_Prompt_
Using the data that follows, output only the lines from the line with "Female friends standing at beach" up to and including the line with "A compact kitchen", exactly, leaving pictures aside.

_Material to process_
+++

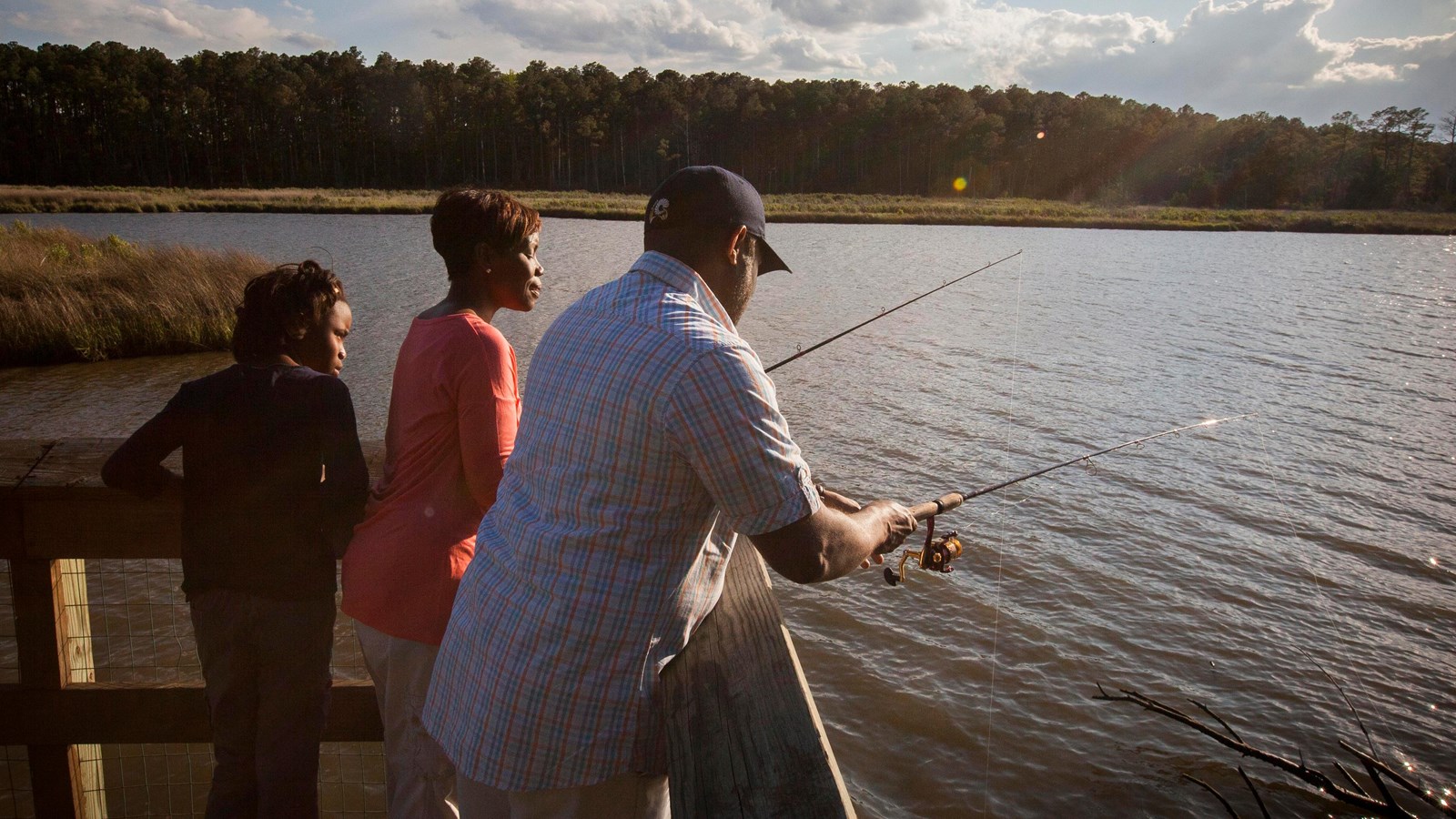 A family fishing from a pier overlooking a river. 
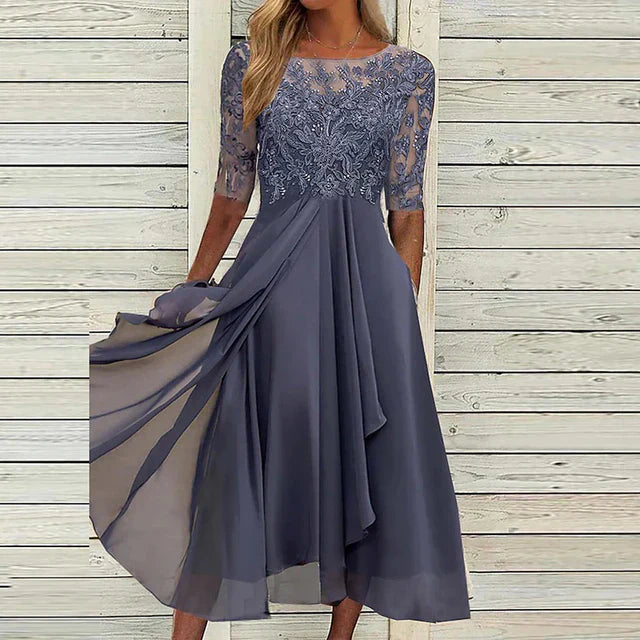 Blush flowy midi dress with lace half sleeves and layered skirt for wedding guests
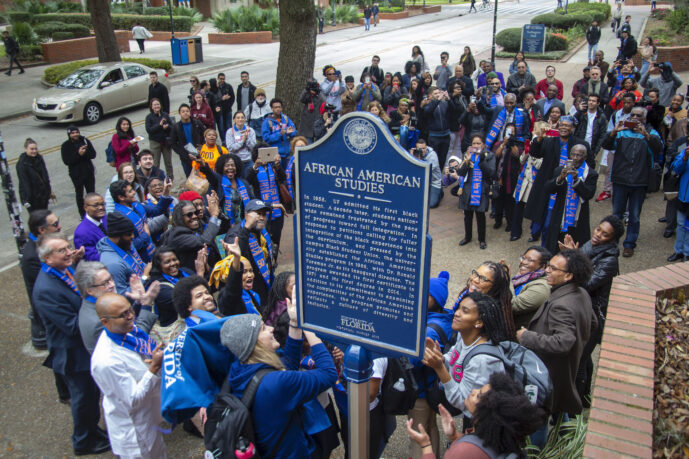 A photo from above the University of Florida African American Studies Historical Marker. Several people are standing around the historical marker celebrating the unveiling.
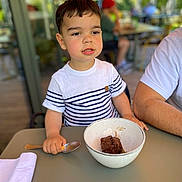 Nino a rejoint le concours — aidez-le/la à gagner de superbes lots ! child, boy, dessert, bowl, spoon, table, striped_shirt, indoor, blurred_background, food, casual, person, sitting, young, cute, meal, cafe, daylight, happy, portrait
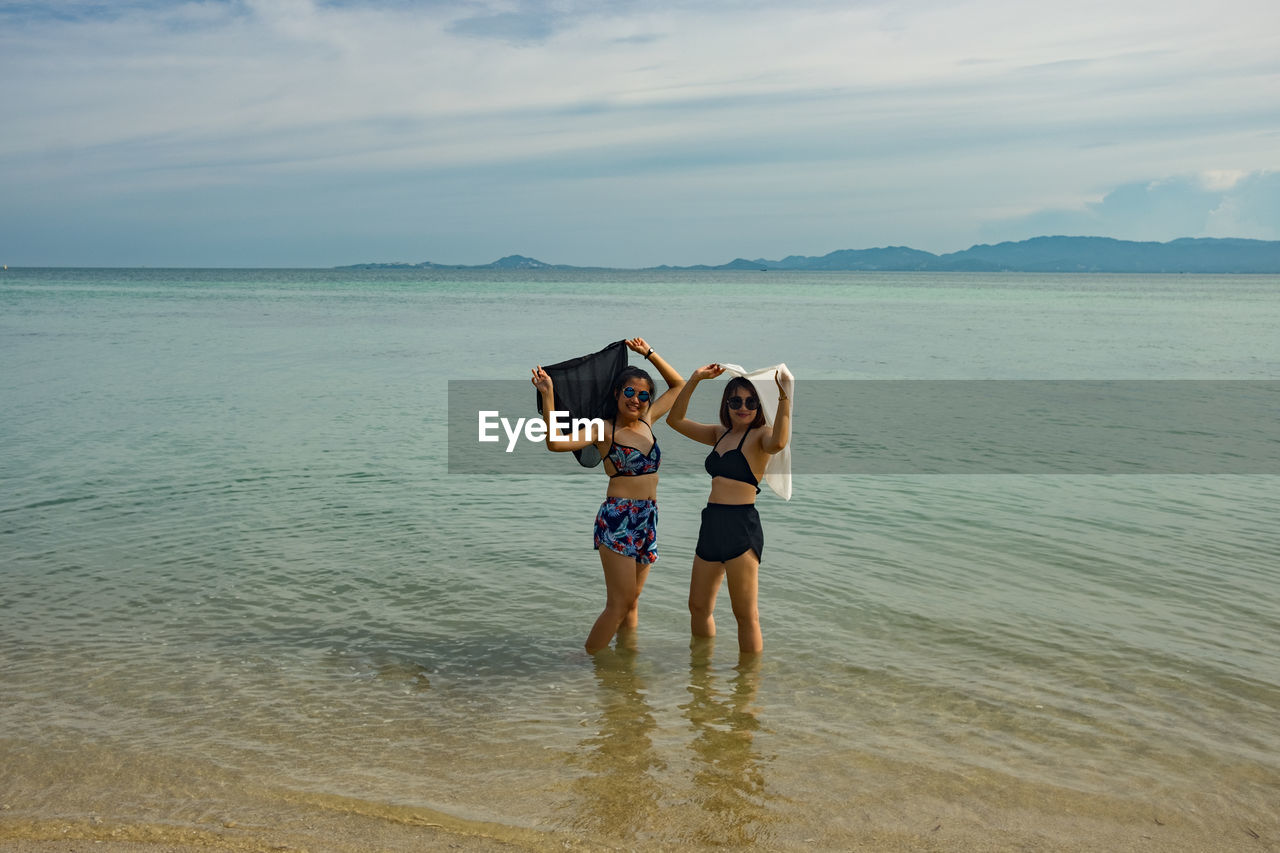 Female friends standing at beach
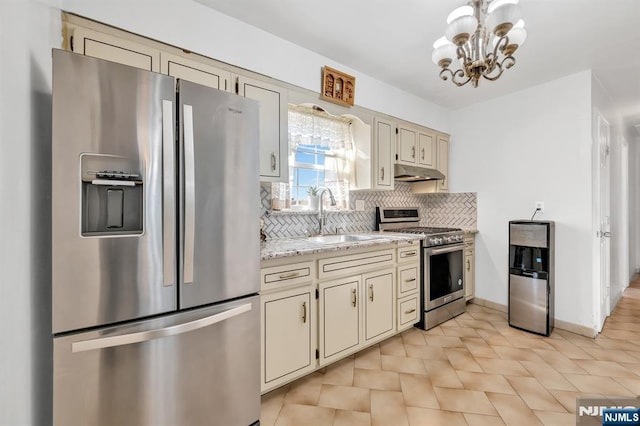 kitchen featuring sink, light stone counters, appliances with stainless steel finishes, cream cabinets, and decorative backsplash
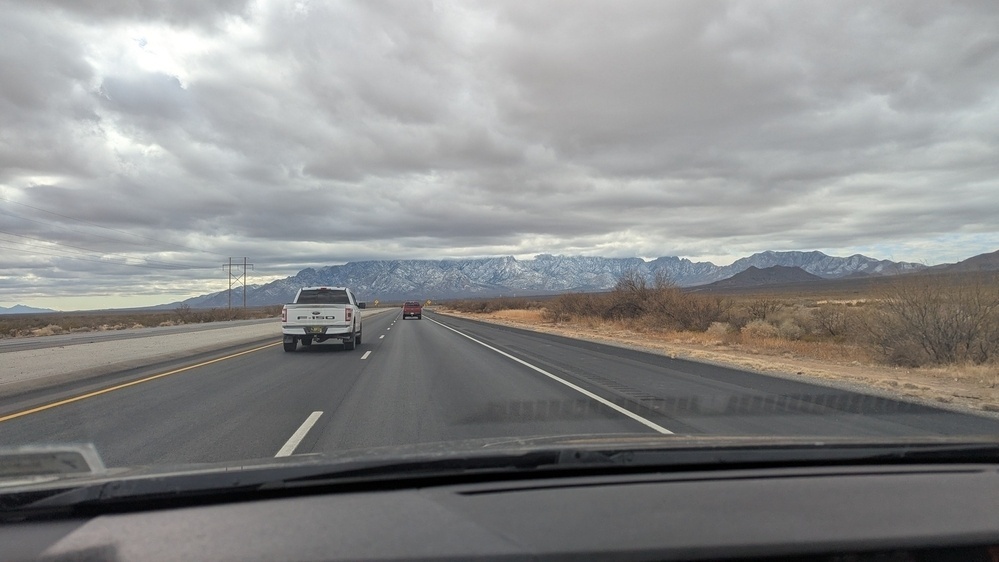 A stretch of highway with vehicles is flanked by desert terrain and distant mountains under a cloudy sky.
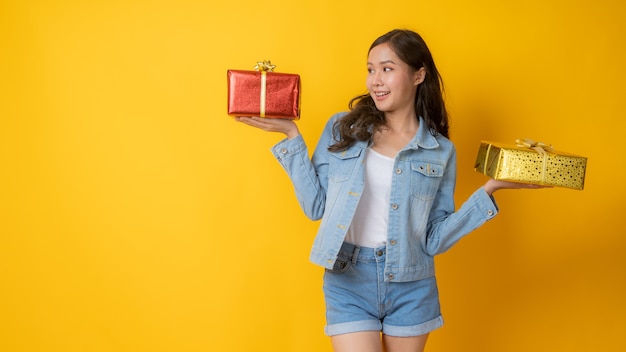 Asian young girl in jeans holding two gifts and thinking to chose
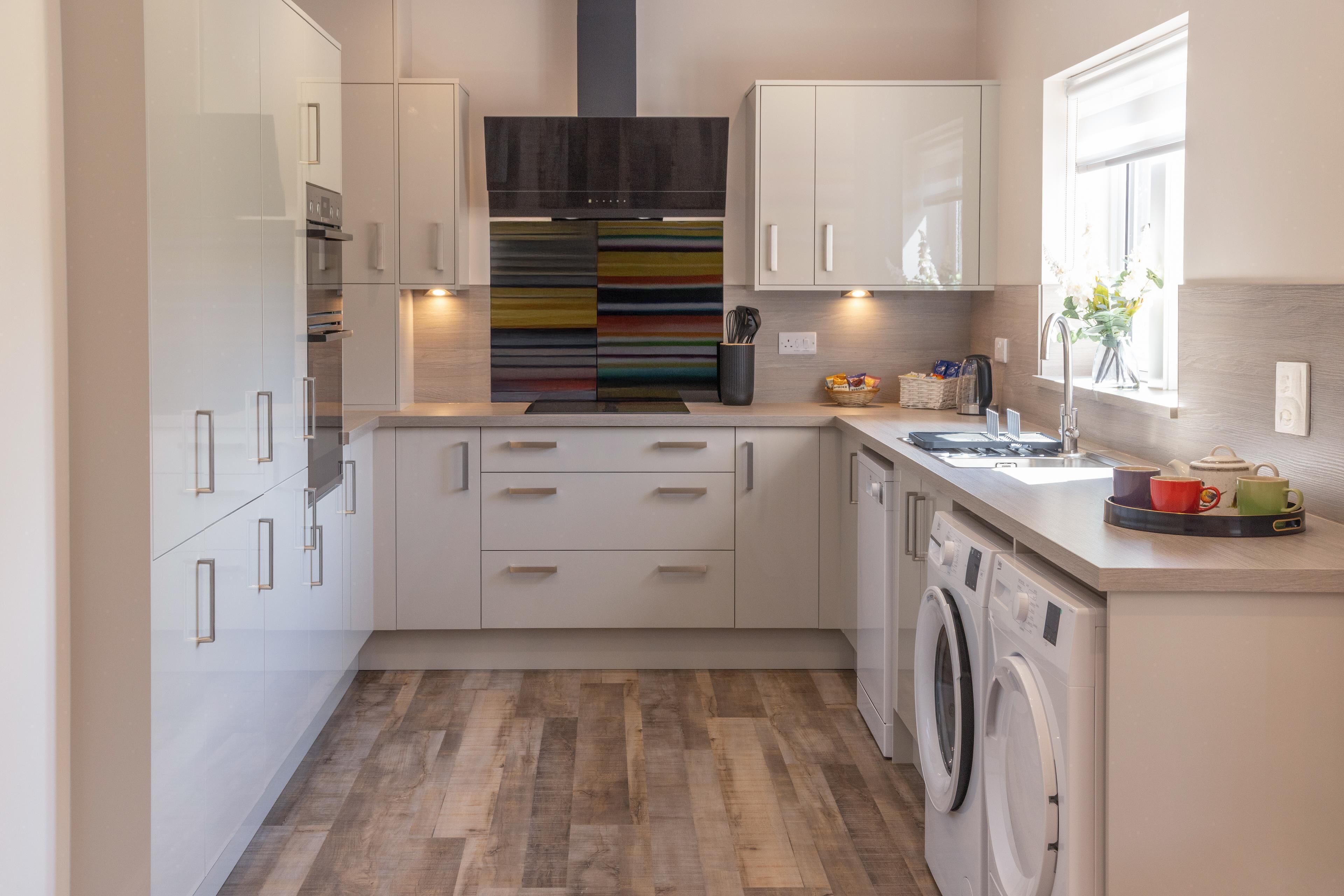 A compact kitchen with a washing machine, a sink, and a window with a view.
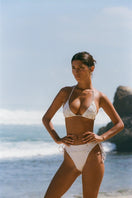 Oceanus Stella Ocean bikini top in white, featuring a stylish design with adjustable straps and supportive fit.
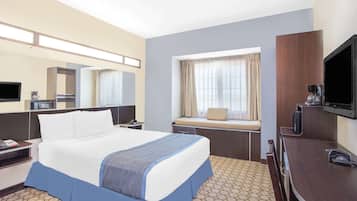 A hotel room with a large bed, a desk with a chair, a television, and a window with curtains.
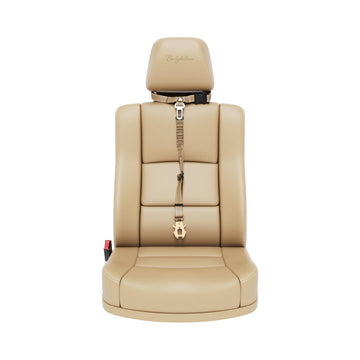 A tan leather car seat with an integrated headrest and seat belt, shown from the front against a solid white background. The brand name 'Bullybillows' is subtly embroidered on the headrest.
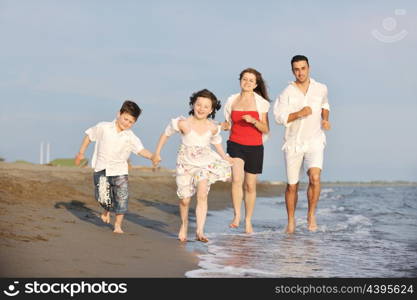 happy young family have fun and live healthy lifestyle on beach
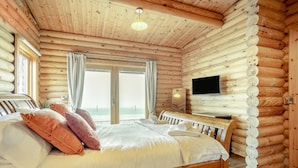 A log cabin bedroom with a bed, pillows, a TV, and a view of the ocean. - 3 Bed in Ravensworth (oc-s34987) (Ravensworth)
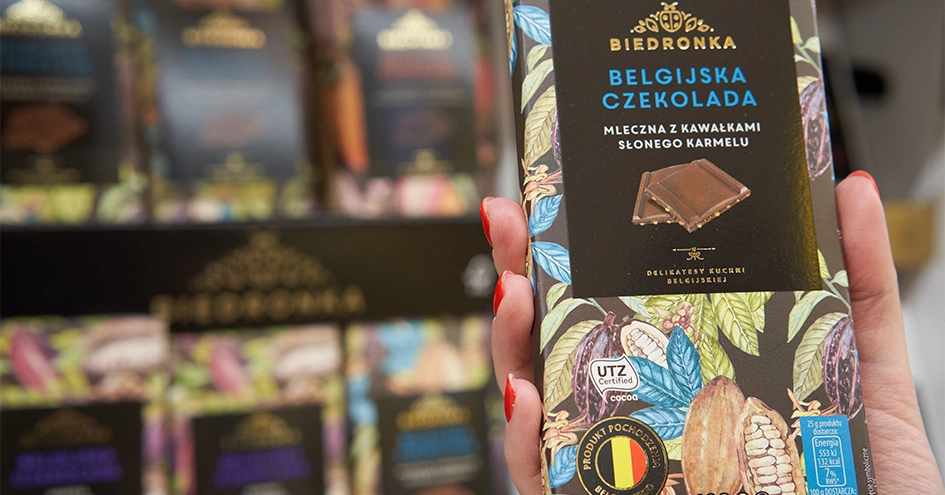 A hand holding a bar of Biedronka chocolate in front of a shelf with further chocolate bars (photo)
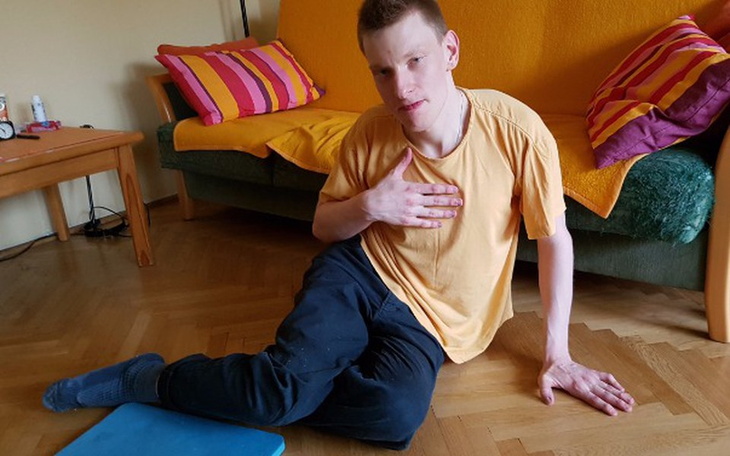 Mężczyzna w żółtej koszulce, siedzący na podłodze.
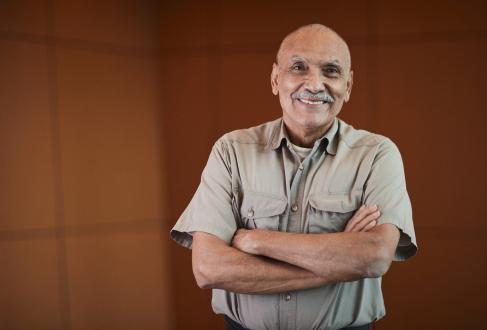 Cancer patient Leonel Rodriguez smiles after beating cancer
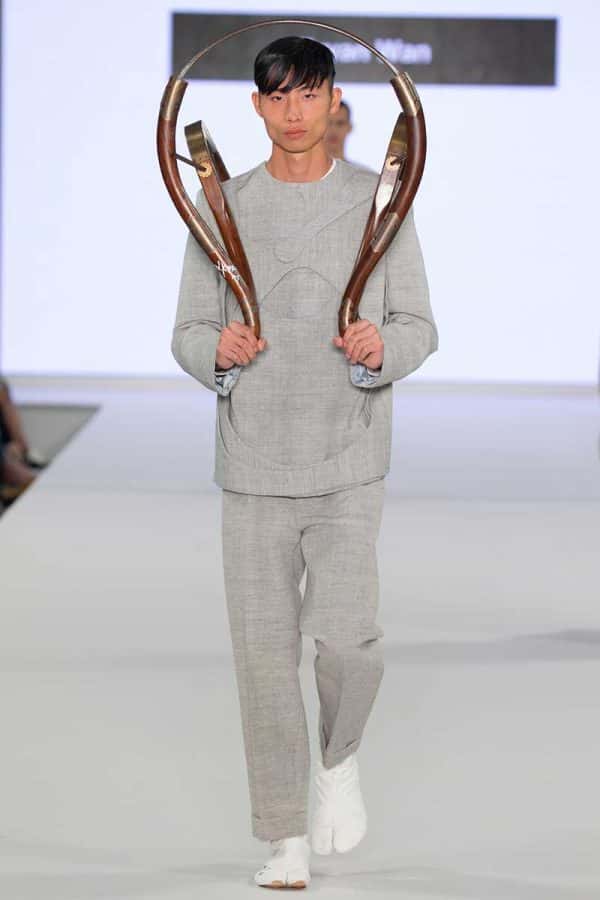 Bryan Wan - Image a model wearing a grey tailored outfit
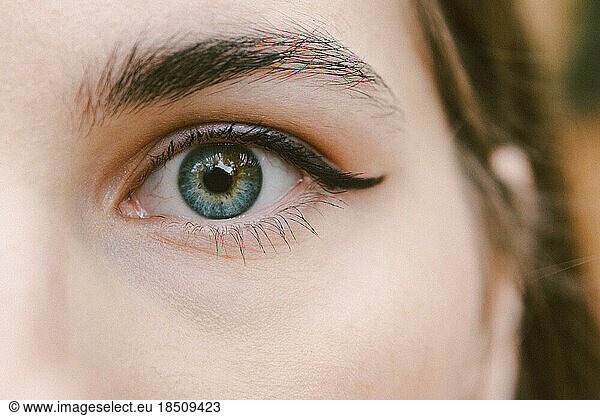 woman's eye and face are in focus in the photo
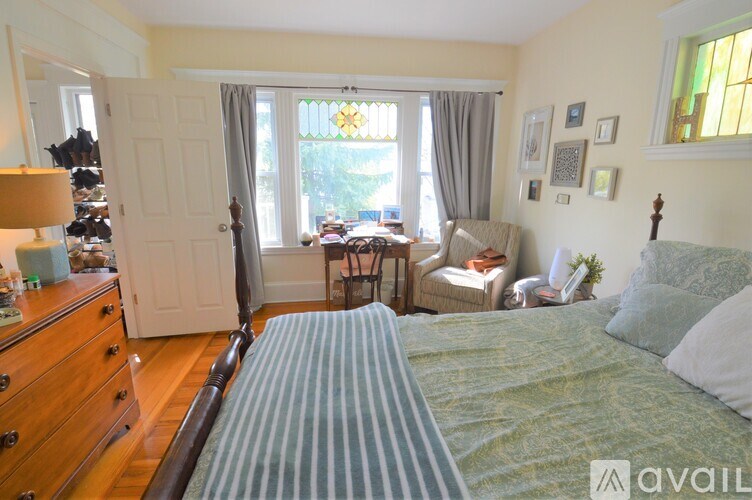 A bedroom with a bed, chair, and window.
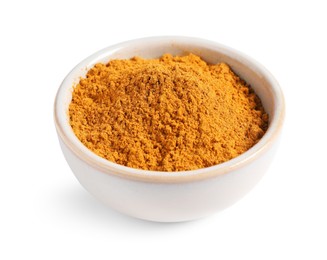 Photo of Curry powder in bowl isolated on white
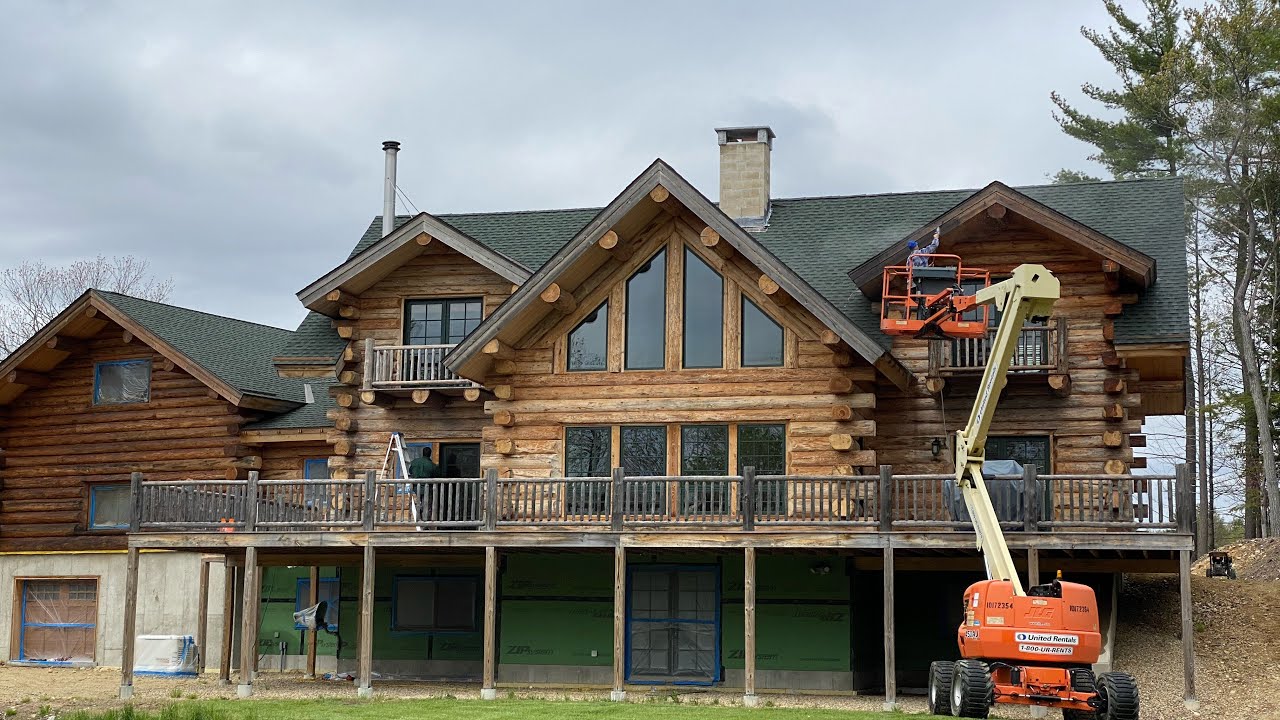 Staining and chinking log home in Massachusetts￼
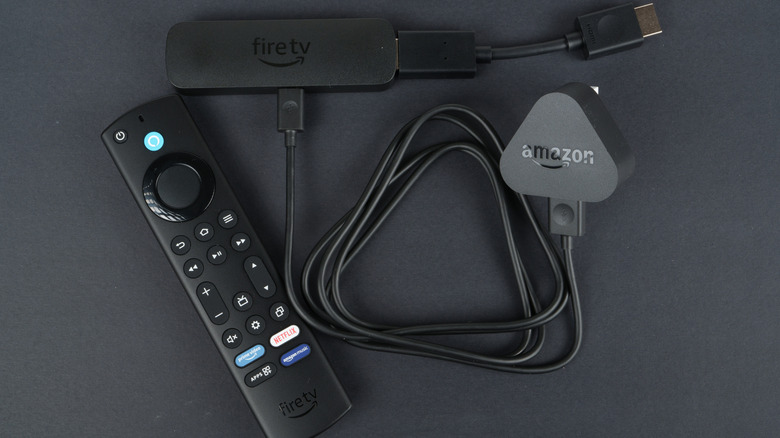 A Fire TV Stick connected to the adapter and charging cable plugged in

+++

_Response to this exercise_
 Female friends standing at beach
 kitchen featuring sink, light stone counters, appliances with stainless steel finishes, cream cabinets, and decorative backsplash
 A stretch of highway with vehicles is flanked by desert terrain and distant mountains under a cloudy sky.
 Asian young girl in jeans holding two gifts and thinking to chose
 A compact kitchen with a washing machine, a sink, and a window with a view.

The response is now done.